A mesma coisa se aplica às versões ultraexageradas de outros pratos vistas no Instagram: burritos gigantes, pizzas desvairadas, buffalo wings folheados a ouro. Essencialmente, são outdoors que propagandeiam seus semelhantes menos extraordinários. Mas, diferentemente dessas outras criações culinárias, a beleza dos sanduíches mostrados no Instagram pode ser incompatível com a característica fundamental de um sanduíche: o fato de ser um prato que se pode segurar na mão e que possui uma estrutura relativamente robusta.

“As opiniões das pessoas a esses respeito estão muito diversas no momento.

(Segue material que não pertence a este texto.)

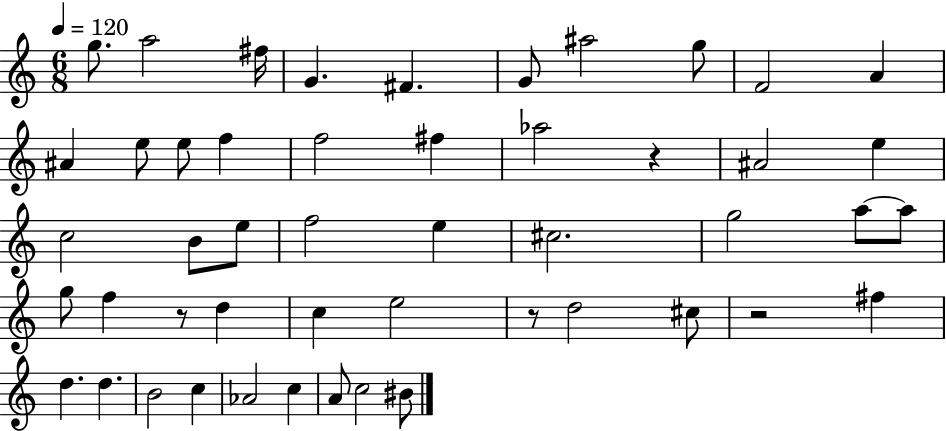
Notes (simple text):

G5/e. A5/h F#5/s G4/q. F#4/q. G4/e A#5/h G5/e F4/h A4/q A#4/q E5/e E5/e F5/q F5/h F#5/q Ab5/h R/q A#4/h E5/q C5/h B4/e E5/e F5/h E5/q C#5/h. G5/h A5/e A5/e G5/e F5/q R/e D5/q C5/q E5/h R/e D5/h C#5/e R/h F#5/q D5/q. D5/q. B4/h C5/q Ab4/h C5/q A4/e C5/h BIS4/e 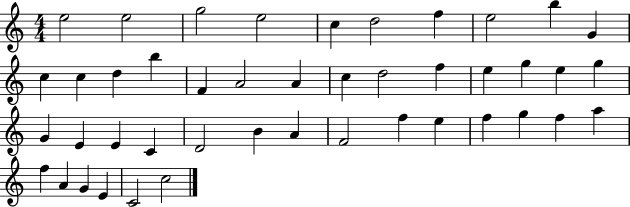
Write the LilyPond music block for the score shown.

{
  \clef treble
  \numericTimeSignature
  \time 4/4
  \key c \major
  e''2 e''2 | g''2 e''2 | c''4 d''2 f''4 | e''2 b''4 g'4 | \break c''4 c''4 d''4 b''4 | f'4 a'2 a'4 | c''4 d''2 f''4 | e''4 g''4 e''4 g''4 | \break g'4 e'4 e'4 c'4 | d'2 b'4 a'4 | f'2 f''4 e''4 | f''4 g''4 f''4 a''4 | \break f''4 a'4 g'4 e'4 | c'2 c''2 | \bar "|."
} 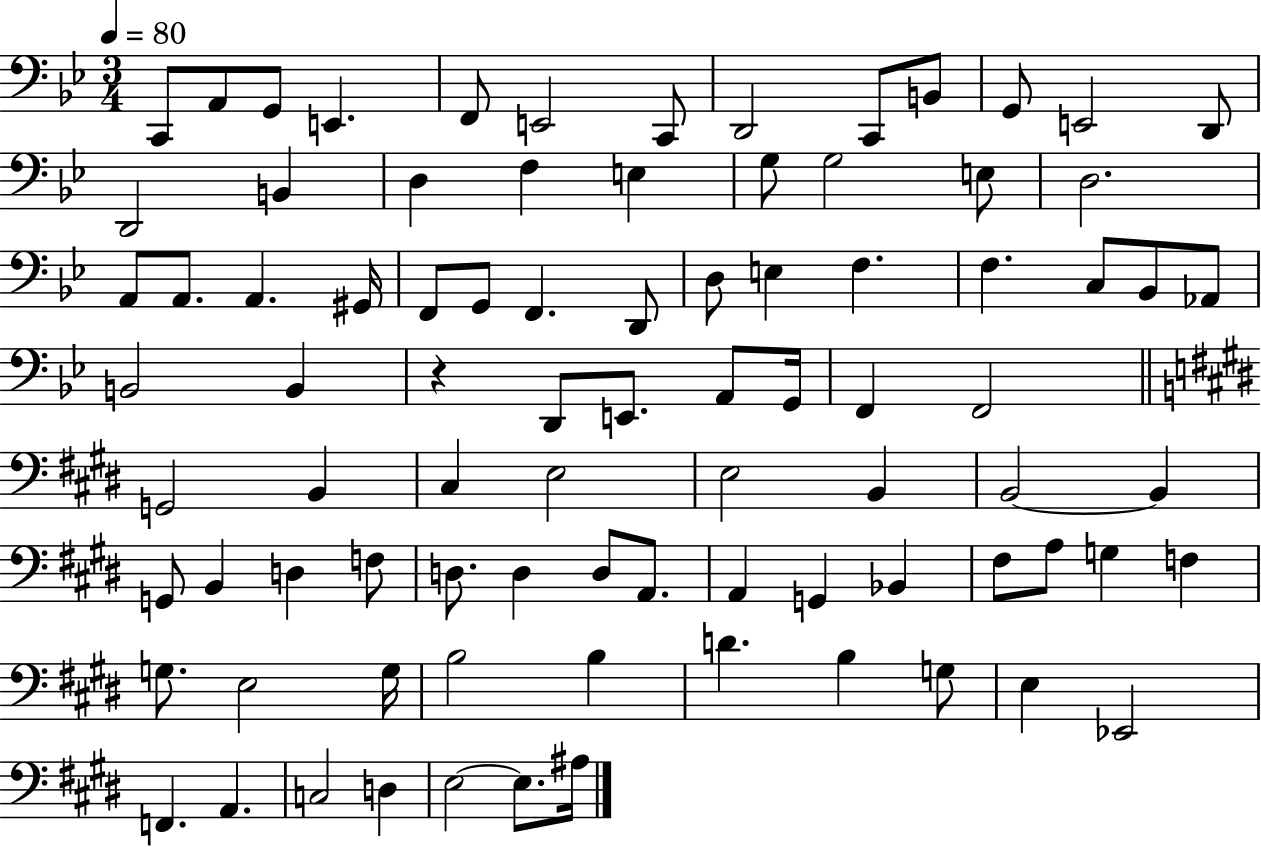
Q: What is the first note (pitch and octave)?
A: C2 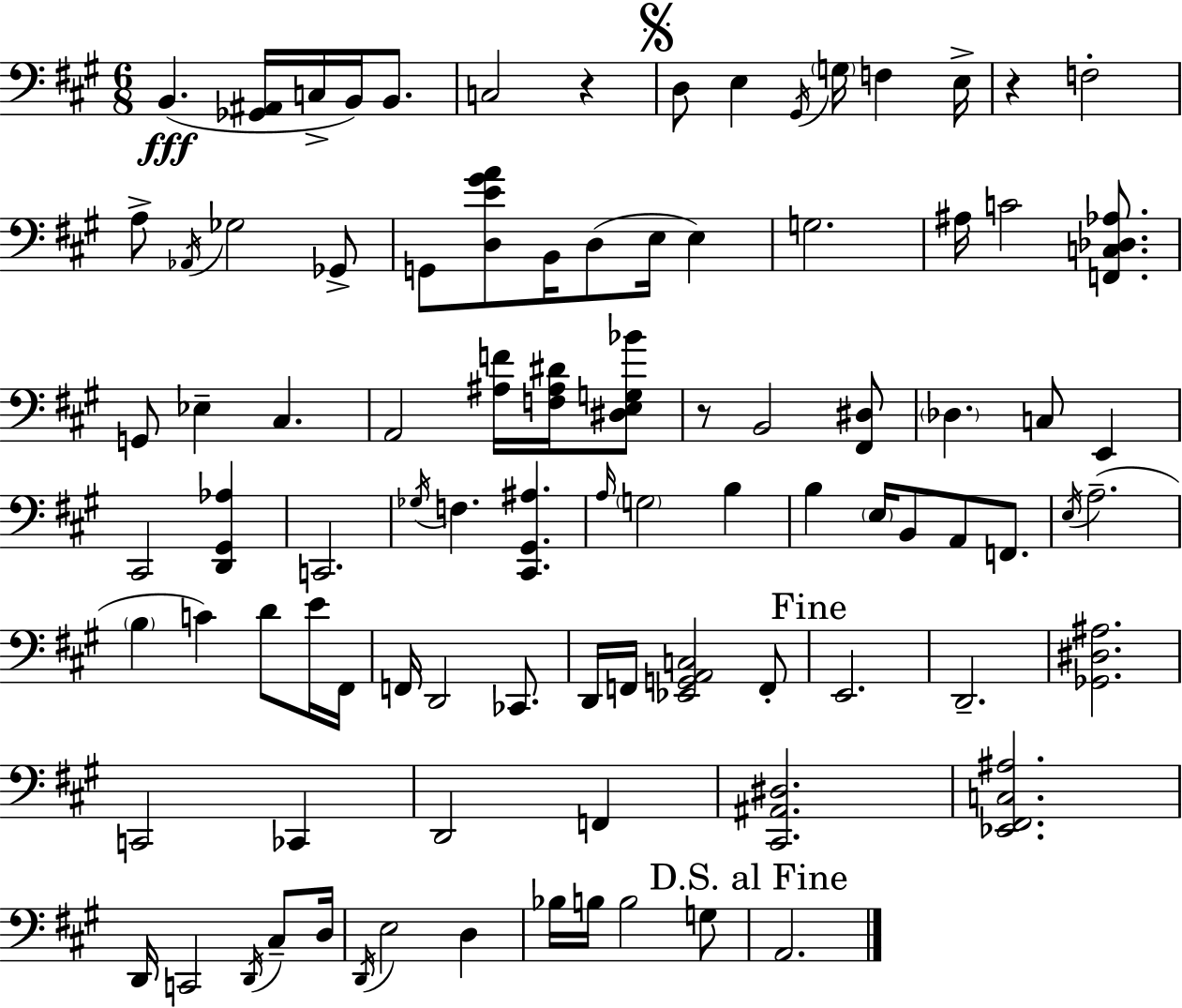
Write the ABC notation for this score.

X:1
T:Untitled
M:6/8
L:1/4
K:A
B,, [_G,,^A,,]/4 C,/4 B,,/4 B,,/2 C,2 z D,/2 E, ^G,,/4 G,/4 F, E,/4 z F,2 A,/2 _A,,/4 _G,2 _G,,/2 G,,/2 [D,E^GA]/2 B,,/4 D,/2 E,/4 E, G,2 ^A,/4 C2 [F,,C,_D,_A,]/2 G,,/2 _E, ^C, A,,2 [^A,F]/4 [F,^A,^D]/4 [^D,E,G,_B]/2 z/2 B,,2 [^F,,^D,]/2 _D, C,/2 E,, ^C,,2 [D,,^G,,_A,] C,,2 _G,/4 F, [^C,,^G,,^A,] A,/4 G,2 B, B, E,/4 B,,/2 A,,/2 F,,/2 E,/4 A,2 B, C D/2 E/4 ^F,,/4 F,,/4 D,,2 _C,,/2 D,,/4 F,,/4 [_E,,G,,A,,C,]2 F,,/2 E,,2 D,,2 [_G,,^D,^A,]2 C,,2 _C,, D,,2 F,, [^C,,^A,,^D,]2 [_E,,^F,,C,^A,]2 D,,/4 C,,2 D,,/4 ^C,/2 D,/4 D,,/4 E,2 D, _B,/4 B,/4 B,2 G,/2 A,,2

Algumas pessoas dizem ‘por que não posso simplesmente mostrar minha comida? Por que não posso mostrar meu próprio sanduba, que criei com tanto esmero? Por que tem que ser um negócio todo coberto de queijo ou outra coisa qualquer, e só assim as pessoas vão se interessar?”, comentou Cook. “Mas essa é a natureza das coisas.”

“Para mim, é como pornografia”, falou Greenspan. “As pessoas olham essas imagens e dizem: ‘Essa é uma maluquice. Mas não quero comer isso.'”

Esses sanduíches podem levar pessoas a ir a um restaurante, disse Greenspan. “Mas, em última análise, você precisa contar com um elenco coadjuvante. Não pode ter apenas aquela ‘garota sensual’. Precisa contar com outros produtos mais básicos, que convençam as pessoas a voltar.”

Assim, não obstante o que o Instagram quer nos mostrar, seria um equívoco dizer que os sanduíches de modo geral andam ficando maiores, mais complexos e mais suculentos. O que acontece na realidade é que os sanduíches mostrados no Instagram representam a apoteose do food porn – que, por sua própria definição, contém um elemento de impossibilidade. Talvez não gostemos de ver sanduíches normais no Instagram porque eles estão ao nosso alcance; talvez só desejemos aquilo que não podemos ter.

*Este texto foi originalmente publicado no HuffPost US e traduzido do inglês.